ABSTRACT: Acuut gedecompenseerd hartfalen (ADHF), een exacerbatie van chronisch hart-, long- en/of nierfalen, is verantwoordelijk voor het grootste deel van de 39 miljard dollar die wordt uitgegeven aan chronisch hartfalen. De farmacotherapie van ADHF is de laatste tijd niet veranderd, maar studies hebben uitgewezen dat de meeste therapieën even effectief zijn, maar niet economisch verantwoord. Evidence-based, intramurale farmacotherapie wordt geleid door begrip van de Forrester Hemodynamic subsets en hun pathofysiologie. Klinisch succes is niet alleen afhankelijk van de juiste intramurale behandeling, maar ook van de inzet van een ontslagteam.Apothekers kunnen de kloof tussen ziekenhuisbezoeken en ambulante zorg overbruggen door aanbevelingen te doen en continuïteit van zorg te bieden.
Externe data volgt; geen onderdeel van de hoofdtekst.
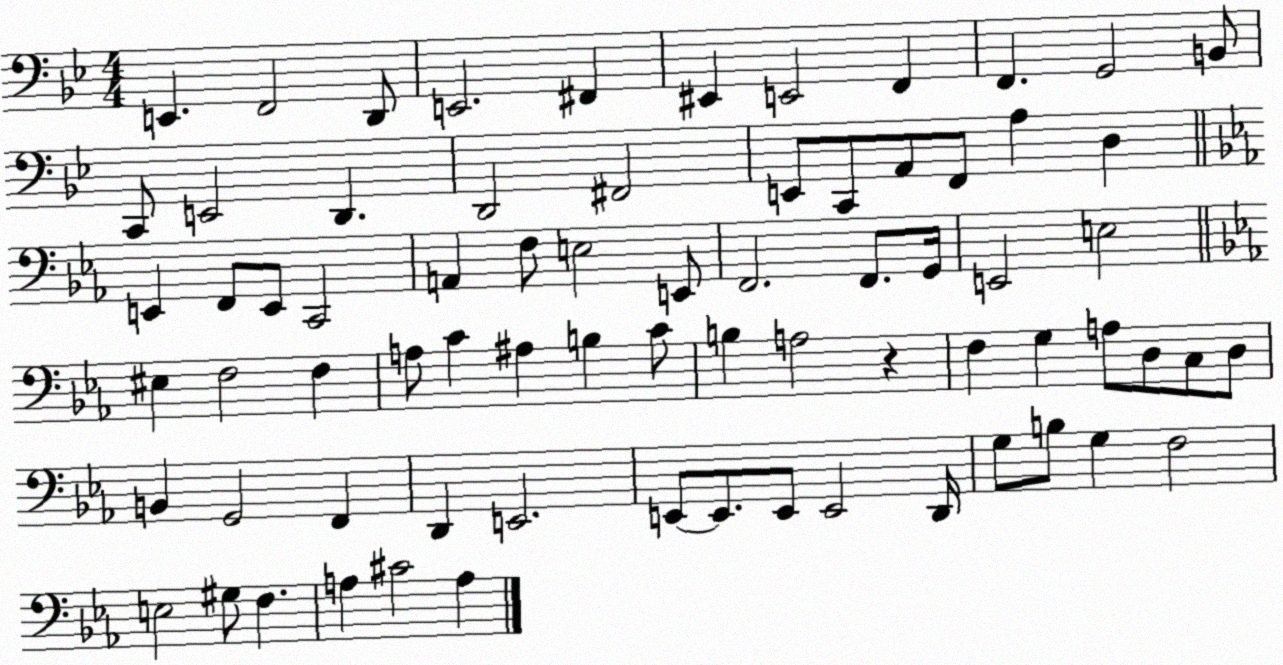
X:1
T:Untitled
M:4/4
L:1/4
K:Bb
E,, F,,2 D,,/2 E,,2 ^F,, ^E,, E,,2 F,, F,, G,,2 B,,/2 C,,/2 E,,2 D,, D,,2 ^F,,2 E,,/2 C,,/2 A,,/2 F,,/2 A, D, E,, F,,/2 E,,/2 C,,2 A,, F,/2 E,2 E,,/2 F,,2 F,,/2 G,,/4 E,,2 E,2 ^E, F,2 F, A,/2 C ^A, B, C/2 B, A,2 z F, G, A,/2 D,/2 C,/2 D,/2 B,, G,,2 F,, D,, E,,2 E,,/2 E,,/2 E,,/2 E,,2 D,,/4 G,/2 B,/2 G, F,2 E,2 ^G,/2 F, A, ^C2 A,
In 2010 werden de kosten van de behandeling van hartfalen (HF) in de Verenigde Staten geschat op $39,2 miljard.1,2Bijna 1 miljoen patiënten worden jaarlijks in het ziekenhuis opgenomen voor exacerbaties en HF is momenteel de meest voorkomende reden voor ziekenhuisopname bij volwassenen ouder dan 65 jaar.2 Acuut gedecompenseerd hartfalen (ADHF) kan het gevolg zijn van slecht gecontroleerde, chronische HF en/of hart-, long- of nierdisfunctie. De intramurale zorgkosten voor deze patiënten zijn extreem hoog en maken ongeveer 60% uit van de totale HF-uitgaven.3
Naast de financiële impact van HF, worden de levensduur en levenskwaliteit ernstig aangetast bij patiënten met acute exacerbaties. Ziekenhuisopname wordt geassocieerd met een verhoogd risico op sterfte bij HF-patiënten; sterfte komt voor bij 15,5% van de patiënten, en een derde van de patiënten wordt nooit ontslagen uit het ziekenhuis.2 ADHF is een verlammende ziekte die niet alleen een last vormt voor de patiënten, maar ook voor de gezondheidszorg.
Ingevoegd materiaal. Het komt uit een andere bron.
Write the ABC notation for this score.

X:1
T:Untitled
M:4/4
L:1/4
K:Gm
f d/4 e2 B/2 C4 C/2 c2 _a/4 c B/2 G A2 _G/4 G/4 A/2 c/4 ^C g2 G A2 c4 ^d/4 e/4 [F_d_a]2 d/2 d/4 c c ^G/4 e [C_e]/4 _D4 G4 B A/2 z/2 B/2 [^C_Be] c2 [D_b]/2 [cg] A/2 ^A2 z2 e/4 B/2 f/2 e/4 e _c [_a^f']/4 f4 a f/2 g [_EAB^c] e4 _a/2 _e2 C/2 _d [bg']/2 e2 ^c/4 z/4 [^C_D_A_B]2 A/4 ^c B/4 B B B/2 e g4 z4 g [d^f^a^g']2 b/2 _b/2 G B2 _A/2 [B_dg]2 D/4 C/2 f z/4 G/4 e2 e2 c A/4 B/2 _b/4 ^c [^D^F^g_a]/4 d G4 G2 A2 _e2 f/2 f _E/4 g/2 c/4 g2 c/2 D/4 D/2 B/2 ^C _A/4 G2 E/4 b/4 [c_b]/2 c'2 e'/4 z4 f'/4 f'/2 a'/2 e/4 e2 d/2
ADHF farmacotherapie is een slagveld voor ziekenhuizen die de kosten willen beheersen in een tijdperk van lagere betalingen en hogere kosten. In oktober 2012 is het Centers for Medicare and Medicaid (CMS) begonnen met het korten van vergoedingen aan ziekenhuizen met hoge percentages heropnames van patiënten in drie dure ziektebeelden: myocardinfarct (MI), longontsteking, en HF. Als patiënten met deze aandoeningen binnen 30 dagen opnieuw worden opgenomen, verlaagt CMS de totale basisvergoeding jaarlijks met 1%, tot een maximale verlaging van 3% in 2014.4 Binnenkort zal het financiële verlies de bijna 2.000 ziekenhuizen die de hoogste boetes krijgen, motiveren om nieuw beleid en follow-upzorg in te voeren voor patiënten die worden ontslagen met een diagnose van HF.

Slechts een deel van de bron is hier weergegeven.